NEW YORK — This summer, Americans were walking contradictions: They opened their wallets despite escalating fears about the slow economic recovery and surging gas prices.
A group of 18 retailers ranging from discounter Target to department-store chain Macy’s reported August sales on Thursday that rose 6 percent — the industry’s best performance since March — according to trade group International Council of Shopping Centers. At the same time, the government released numbers showing that Americans spent in July at the fastest clip in five months.
The news appears to show that what Americans say and do are two different things: The reports come two days after a private research firm said consumer confidence in August fell to its lowest level since November 2011 as Americans grew more concerned about the job market, business conditions and the overall economy.
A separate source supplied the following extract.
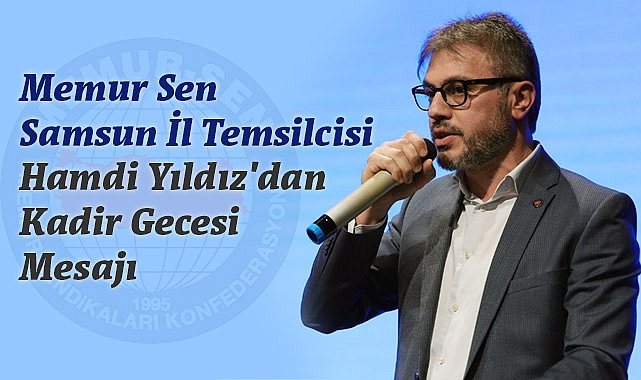 Memur Sen Samsun İl Temsilcisi Hamdi Yıldız'dan Kadir Gecesi Mesajı
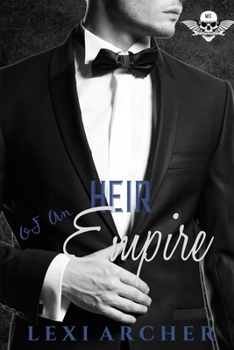Heir of an Empire: A dark motorcycle club mafia bully high school romance (Savage Reapers)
“This is bit of a head scratcher,” said Mark Vitner, a Wells Fargo Securities senior economist. “This runs counter to most of the other data related to the consumer.”
But Roxane Battle Morrison, 50, said there’s a logical explanation for the paradox. The Plymouth, Minn., resident said she is more worried about the economy, but she spent in August for one reason: she needed to help her 18-year-old son Jared get ready for college. So, Morrison, who produces videos for a nondenominational church, has stashed money away every month over the past year to save nearly $1,300 to buy him books, sheets, a futon bed, and other dorm room accessories.
“I was counting every nickel, looking at every price tag,” she said.
That consumers like Morrison are spending is an encouraging sign, but that they are doing so hesitantly is something retailers and economists will be watching closely. Consumer spending accounts for 70 percent of economic activity. And while only a small group of merchants representing roughly 13 percent of the $2.4 trillion U.S. retail industry report monthly revenue figures, the August numbers still offer a glimpse at how Americans are spending.
The revenue gains in August, which only factor in stores that were open at least a year, are better than the 4- to 5-percent increase Wall Street predicted at the beginning of the month. And it was the industry’s best performance since March, when stores collectively posted a gain of 6.8 percent. Except for a lull in June, stores have seen a healthy pace of 4 percent to nearly 7 percent growth since the beginning of the year. But analysts worry that the healthy spending won’t last.
“It’s certainly strong on the surface. But is it a sign of an improving economy and retailing environment? Or is it just more of the same: shoppers were driven by need,” said Michael P. Niemira, chief economist at the International Council of Shopping Centers.
Stores certainly benefited from people shopping for supplies and clothes for back-to-school, the second biggest-shopping period of the year. Many department and clothing stores like Macy’s Inc. and Gap Inc. had better-than-expected results as trendy fashions like brightly colored jeans caught shoppers’ attention.
Gap posted a 9 percent gain, as back-to-school shoppers headed into its chains, particularly Old Navy. The results niftily beat analysts’ expectations of a 5.4 percent rise.
Target also reported better-than-expected results. It had a 4.2 percent in August, better than the 3.1 percent increase that Wall Street expected.
Macy’s 5.1 percent gain also was better than the 3.6 percent forecast. The company said its men’s apparel, home furnishings, beauty products, women’s shoes and handbags continue to perform well.